Neeson is as good as he normally is, turning up the intensity and furrowing his brow as only he can. Most of his dialogue is very cut-and-dried and matter of fact, which can be a little hard to take seriously given how his terse speech from the first movie has been reduced to not much more than an internet meme. Famke Janssen has more screen time but not all that much more to do, panicking and crying through most of the movie.
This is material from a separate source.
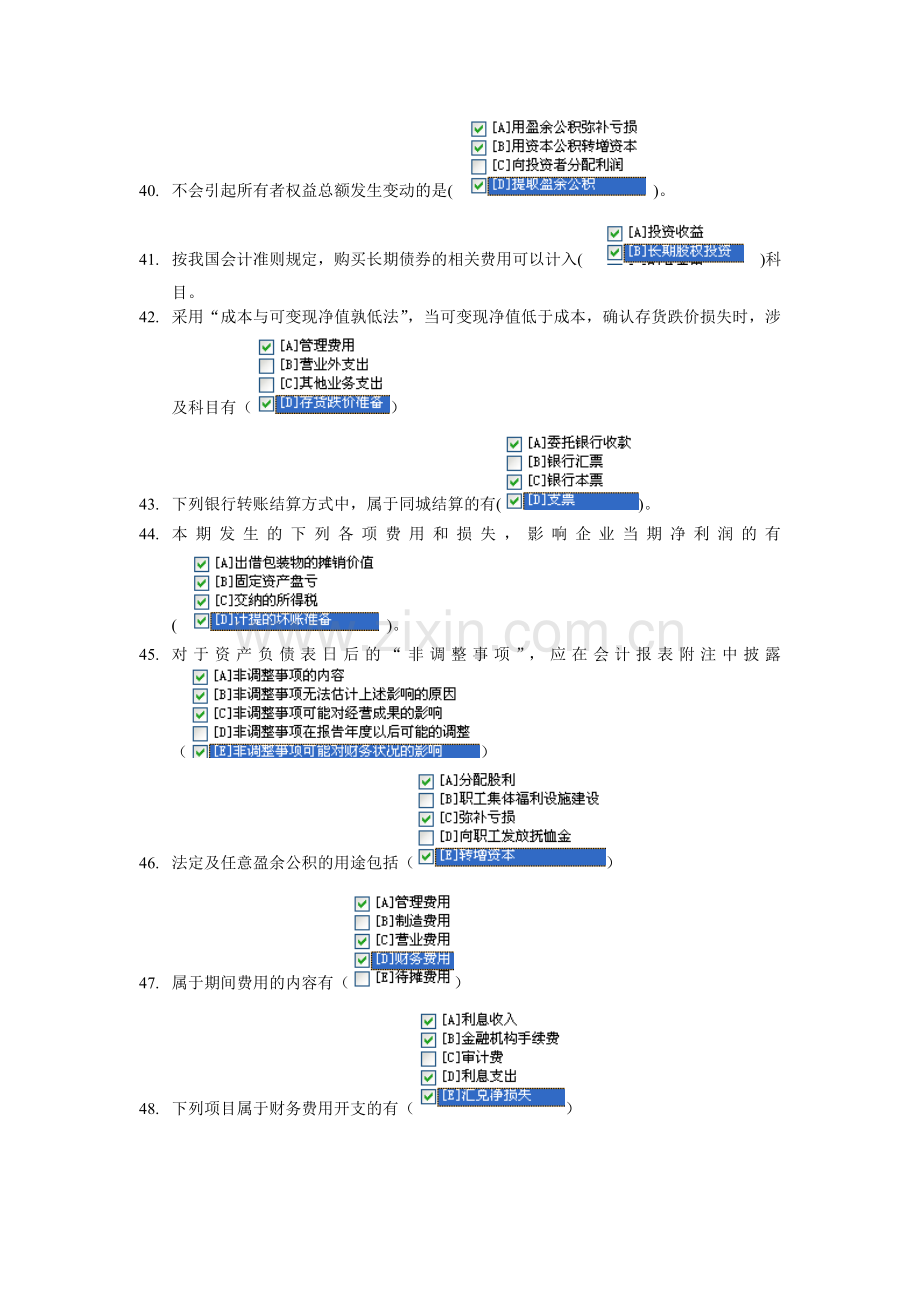 2012年电大《职业技能实训》考核3-中级财务会计1.doc_第3页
Maggie Grace’s part gets more of an upgrade, and you get the sense that Kim has learned a fair bit from her experiences in Paris, and with her father’s guidance possesses a degree of competence (and gets to toss a few grenades to boot). Rade Šerbedžija is stoic as the villain, but not as imposing or frightening as he could have been, and it ends up such that the lower-level grunts seem to pose more of a threat than the head of the Albanian mafia himself.

Is Taken 2 a decent film on its own merits? Yes. But is it an absolutely necessary sequel? No. Was it made primarily as a cash-grab? Probably, and unfortunately, yes.

SUMMARY: Taken 2 passes muster as an action film in the vein of its predecessor, even if it never quite matches it in quality - it’s a little “run of the Mills”, as it were.